Some Influences on Perception and Justification of Aggression in Themselves and in their Social Environment

J. Martin Ramirez*, Jesús M. Alvarado and Carmen Santisteban

Some Influences on Perception and Justification of Aggression in Themselves and in their Social Environment.

The authors of the present study attempt to increase the knowledge of how pre-adolescents and
adolescents perceive their own violence and those with whom they interact in their immediate
environment: friends, family, school, neighborhood and those with more extent, unspecific,
and global ranges, such as the city or the world.
In this way, by understanding their mental
perception of the violence in themselves and in their environments, parents and educators may
be more successful in their effort to teach teenagers about how to behave in a non-violent way.

Even if it has a strong relation to the objective world, it corresponds with its interaction with the neural activity of the central nervous system of each subject.
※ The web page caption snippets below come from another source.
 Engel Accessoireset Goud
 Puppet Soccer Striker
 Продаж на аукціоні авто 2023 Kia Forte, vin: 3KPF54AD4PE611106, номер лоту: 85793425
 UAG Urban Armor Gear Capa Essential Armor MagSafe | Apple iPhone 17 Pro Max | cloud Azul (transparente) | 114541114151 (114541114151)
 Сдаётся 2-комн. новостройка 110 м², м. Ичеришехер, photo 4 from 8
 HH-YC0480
This neural activity is unique to
each person because it informs about the Unwelt an environmental situation, specific to each
individual and occasion. This explains why Mountcastle said “in certain respect, we are living
amidst the world in the prison of our brain.”
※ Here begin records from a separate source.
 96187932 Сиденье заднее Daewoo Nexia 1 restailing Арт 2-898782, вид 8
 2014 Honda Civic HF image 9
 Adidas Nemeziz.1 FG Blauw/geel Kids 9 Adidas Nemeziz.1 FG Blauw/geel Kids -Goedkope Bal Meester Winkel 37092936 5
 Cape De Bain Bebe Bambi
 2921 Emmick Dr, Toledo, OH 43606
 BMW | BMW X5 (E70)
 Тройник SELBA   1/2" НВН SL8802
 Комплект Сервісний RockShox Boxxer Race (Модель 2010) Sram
Aggression should not be an exception to these assertions about perception. As any other behavior, aggression, far from being a static phenotype, is a flexible developmental process that reflects the neurobiological plasticity, open to any input experience. Even within the typical universal trends, there are specific human ways and individual differences in the display of these universals. For instance, some situations demand a more specific approach, like young man vs. adult man vs. old man, or any other situation, as its closeness to the subject.

Besides the individual psychobiological factors, we cannot forget the influence of our social context: family, peers and friends, school, and different levels of community as well as other socio-cultural factors on the perception and evaluation of an eventual risk, such as aggression might be.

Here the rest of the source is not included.